Here are a few thoughts from the point of view of a very tiny minority. I was practically forced to make a Facebook account by a female friend, otherwise I wouldn't have bothered, and I have no Twitter account and don't plan on creating one. I hate social media with a passion. I hate what they have done to people and how they have changed the way they prefer to receive and process information. I hate the fact that people take pictures of themselves when they are having fun, just so they can post them on their facebook page the next day and be rewarded with many "xD"s. Now, regarding reviews...

Imagine reviews as a fine dish of sea bass in a gourmet restaurant. In comparison, social media feedback is a pile of fish bones. If presented with both, a kitty might go for the fish bones, eat until it is full and completely ignore the sea bass, because the bones are closer and it cannot appreciate the subtleties of the gourmet dish.
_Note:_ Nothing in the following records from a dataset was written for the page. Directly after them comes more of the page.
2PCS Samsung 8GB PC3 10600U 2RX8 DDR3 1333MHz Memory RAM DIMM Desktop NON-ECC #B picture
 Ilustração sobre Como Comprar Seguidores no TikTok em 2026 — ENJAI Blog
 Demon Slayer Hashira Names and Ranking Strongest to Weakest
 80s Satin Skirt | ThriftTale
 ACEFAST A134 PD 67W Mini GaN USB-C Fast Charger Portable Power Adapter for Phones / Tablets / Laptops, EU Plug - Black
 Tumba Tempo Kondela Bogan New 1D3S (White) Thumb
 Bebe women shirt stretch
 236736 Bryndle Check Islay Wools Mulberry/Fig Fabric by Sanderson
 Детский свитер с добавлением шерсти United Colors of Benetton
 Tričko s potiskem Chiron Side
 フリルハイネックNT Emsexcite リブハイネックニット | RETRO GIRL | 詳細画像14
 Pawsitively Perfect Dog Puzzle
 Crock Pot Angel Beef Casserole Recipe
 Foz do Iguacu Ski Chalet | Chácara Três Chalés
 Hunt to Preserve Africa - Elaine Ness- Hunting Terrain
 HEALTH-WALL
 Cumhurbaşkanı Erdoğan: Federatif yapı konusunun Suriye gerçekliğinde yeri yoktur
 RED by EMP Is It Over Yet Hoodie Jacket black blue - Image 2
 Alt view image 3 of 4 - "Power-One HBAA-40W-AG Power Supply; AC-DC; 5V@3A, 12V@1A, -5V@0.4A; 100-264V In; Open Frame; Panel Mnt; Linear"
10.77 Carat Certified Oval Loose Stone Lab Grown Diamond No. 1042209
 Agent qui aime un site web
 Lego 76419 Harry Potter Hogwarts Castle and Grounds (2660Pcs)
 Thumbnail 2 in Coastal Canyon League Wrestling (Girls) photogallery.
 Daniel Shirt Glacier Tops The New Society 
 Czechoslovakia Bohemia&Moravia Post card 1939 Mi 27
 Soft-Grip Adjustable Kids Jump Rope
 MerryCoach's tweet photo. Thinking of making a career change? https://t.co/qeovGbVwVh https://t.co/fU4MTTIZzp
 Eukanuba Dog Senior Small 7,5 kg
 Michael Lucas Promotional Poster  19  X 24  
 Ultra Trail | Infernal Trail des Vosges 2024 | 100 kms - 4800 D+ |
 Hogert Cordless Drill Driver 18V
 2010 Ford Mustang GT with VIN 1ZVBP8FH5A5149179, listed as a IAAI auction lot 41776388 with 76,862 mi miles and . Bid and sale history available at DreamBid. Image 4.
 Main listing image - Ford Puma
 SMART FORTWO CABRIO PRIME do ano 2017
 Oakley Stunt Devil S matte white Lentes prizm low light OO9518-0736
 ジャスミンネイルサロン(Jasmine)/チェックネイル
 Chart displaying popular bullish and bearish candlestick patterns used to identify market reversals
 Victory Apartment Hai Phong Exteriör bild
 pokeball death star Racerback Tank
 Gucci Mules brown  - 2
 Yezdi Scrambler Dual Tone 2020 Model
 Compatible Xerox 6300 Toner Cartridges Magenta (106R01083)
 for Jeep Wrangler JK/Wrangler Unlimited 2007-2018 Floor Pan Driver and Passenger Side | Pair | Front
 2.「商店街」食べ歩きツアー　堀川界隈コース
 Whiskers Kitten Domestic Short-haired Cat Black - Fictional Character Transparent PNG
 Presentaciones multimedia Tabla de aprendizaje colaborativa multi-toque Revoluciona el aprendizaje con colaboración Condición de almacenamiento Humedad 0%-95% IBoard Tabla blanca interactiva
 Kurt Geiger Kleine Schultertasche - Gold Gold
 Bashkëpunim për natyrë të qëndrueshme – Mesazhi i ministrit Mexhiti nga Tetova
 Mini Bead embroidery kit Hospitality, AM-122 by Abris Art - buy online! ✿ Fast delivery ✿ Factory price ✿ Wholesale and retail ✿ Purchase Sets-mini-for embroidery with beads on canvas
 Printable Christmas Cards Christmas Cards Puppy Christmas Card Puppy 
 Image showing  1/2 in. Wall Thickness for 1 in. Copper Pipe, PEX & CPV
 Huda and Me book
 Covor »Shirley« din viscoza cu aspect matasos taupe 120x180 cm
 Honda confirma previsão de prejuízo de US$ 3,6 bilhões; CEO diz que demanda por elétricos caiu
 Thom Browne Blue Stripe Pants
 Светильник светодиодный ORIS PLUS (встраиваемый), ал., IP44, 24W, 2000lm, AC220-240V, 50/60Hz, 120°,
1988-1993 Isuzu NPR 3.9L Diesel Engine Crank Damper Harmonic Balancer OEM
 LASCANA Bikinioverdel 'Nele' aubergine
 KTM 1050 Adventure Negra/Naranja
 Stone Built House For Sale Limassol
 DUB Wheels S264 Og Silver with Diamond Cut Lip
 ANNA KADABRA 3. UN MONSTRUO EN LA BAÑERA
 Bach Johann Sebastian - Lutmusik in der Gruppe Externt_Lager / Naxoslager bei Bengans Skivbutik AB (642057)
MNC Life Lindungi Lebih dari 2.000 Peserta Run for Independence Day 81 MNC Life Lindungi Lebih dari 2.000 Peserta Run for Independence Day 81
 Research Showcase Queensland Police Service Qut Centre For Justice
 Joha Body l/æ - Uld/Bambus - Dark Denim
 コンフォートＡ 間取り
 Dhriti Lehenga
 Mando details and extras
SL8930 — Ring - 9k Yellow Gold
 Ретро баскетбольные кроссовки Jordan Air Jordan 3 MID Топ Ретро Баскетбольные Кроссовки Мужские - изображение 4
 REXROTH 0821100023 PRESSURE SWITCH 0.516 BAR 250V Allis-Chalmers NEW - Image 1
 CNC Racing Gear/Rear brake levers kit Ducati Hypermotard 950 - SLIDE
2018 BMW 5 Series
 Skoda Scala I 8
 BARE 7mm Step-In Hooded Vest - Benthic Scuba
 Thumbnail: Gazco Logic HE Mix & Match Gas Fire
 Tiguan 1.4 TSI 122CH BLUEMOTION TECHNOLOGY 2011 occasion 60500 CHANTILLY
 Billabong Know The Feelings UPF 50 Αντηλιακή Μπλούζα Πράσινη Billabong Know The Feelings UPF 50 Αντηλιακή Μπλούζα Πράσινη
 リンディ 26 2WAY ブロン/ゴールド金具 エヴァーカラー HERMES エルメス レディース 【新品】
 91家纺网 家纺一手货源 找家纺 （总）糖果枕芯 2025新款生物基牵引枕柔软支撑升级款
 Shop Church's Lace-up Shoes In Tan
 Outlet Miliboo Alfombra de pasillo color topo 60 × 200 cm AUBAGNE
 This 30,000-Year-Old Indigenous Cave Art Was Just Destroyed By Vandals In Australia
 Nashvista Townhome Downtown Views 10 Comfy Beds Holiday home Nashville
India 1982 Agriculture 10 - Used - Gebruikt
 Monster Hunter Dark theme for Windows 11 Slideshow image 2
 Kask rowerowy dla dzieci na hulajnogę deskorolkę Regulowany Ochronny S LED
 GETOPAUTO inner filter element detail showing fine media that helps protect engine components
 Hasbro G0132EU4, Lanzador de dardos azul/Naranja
If a person does that however, it's worrying to say the least.

Every reviewer worth his/her salt knows that writing a good review of a work of art is a lesser form of art in itself. They need to back up their claims, make it interesting to read, include all the information that the reader may be looking for and generally treat it with the respect that it deserves. Every good review on something that interests you should offer a little bit of satisfaction of its own.

Unfortunately during the last few years the social media have caused people's taste buds to turn black and fall off. We prefer the fish bones, because they are closer and faster. We do not care what Roger Ebert thinks of a film or, if it is a game, what kind of flaws Yahtzee or Jim Sterling have pointed out. We are satisfied with our cousin's "It's kinda cool bro, sure, check it out", because we once watched Wall-E together or played WoW together and we agreed that they were good.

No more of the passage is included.